Et c’est là où nous en arrivons à l’objet de ces quelques lignes. Quand un José Bové peut arborer en toute circonstance sa moustache sans qu’on se moque de lui pour port continu depuis l’époque réglementaire, personne hier n’osait porter cet accoutrement pileux à part un ado en pleine puberté n’ayant pas encore testé les délices du rasage de duvet labial. Cette désuétude, qui semblait définitive, portait en elle les graines de la destruction. En effet, si quelque-chose est remisé à la cave du ringard, on peut être sûr qu’il reviendra par la fenêtre de la mode.
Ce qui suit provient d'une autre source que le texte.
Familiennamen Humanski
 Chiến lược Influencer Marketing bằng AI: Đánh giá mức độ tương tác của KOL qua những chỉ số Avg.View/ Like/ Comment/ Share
Pourtant, John Galliano ayant eu la bonne idée d’invoquer ses sympathies pour les nazis, nous avions crus cette menace repoussée. C’est sans compter sur la cohorte de gens cools, jamais manchots pour se démarquer à tout prix, qui décida du jour au lendemain que porter la moustache était le summum de la tendance (avec un petit vélo customisé en sus). Et voilà-t-y-pas donc que l’on se retrouve partout avec des sosies d’arrière-grand-papa Gustave à la queue de la boulangerie (bio et équitable, qui fait aussi magasin de disque et barbershop) ou de tonton Alphonse à la soirée branchée du moment. Et même ce bon vieux Jean-Kévin, dont l’atroce duvet rappelle pourtant celui de Grand tata Léopoldine, arborera avec fierté ce nouvel avatar de ce qui est devenu cool.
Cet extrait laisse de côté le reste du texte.